ワンワンワン111

丘の上の本屋さんのワンワンワン111のレビュー・感想・評価

丘の上の本屋さん(2021年製作の映画)
4.7
犬とボール遊びするように、本屋の店主と少年が本遊びを繰り返す。

本屋の店主が選んだ本を少年に貸し、少年が本を読み終えたら本屋に帰ってきて本の感想を伝える。そして、本屋の店主が感想を聞いて、さらに本の考察を深める問いをする。少年にちょっと難易度が高まる本を貸す。これを繰り返す日々。

大人の役割はこういう単純明快なことなのだろう。図書館にも書店にもネット上にもたくさんの書物があるけど、ただ本がそこに存在するだけ。学校の国語の授業で名作に触れても試験のための読み物になっている。少なくとも私はそうだったことを思いだした。学生時代の感性が鋭い貴重な時間を無駄にしてしまった。
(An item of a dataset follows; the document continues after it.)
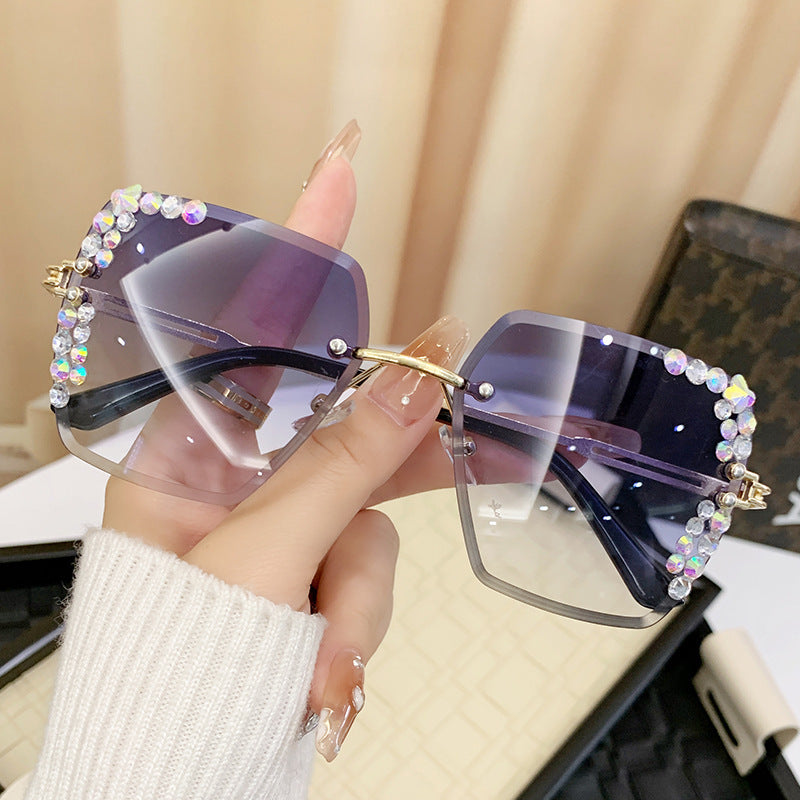 Damen Sonnenbrille mit extravagantem Strassrahmen Karnz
私が気づいていないだけで、本の素晴らしさを教えようとしてくれた人がいたかもしれないな。ただ私が名作を与えられても、読まないどころか、帰ってもこないという馬鹿野郎だった。学生時代に名作の素晴らしさに気づける人が羨ましい。

もう一度、学生時代に戻れるなら文芸部に入部したい。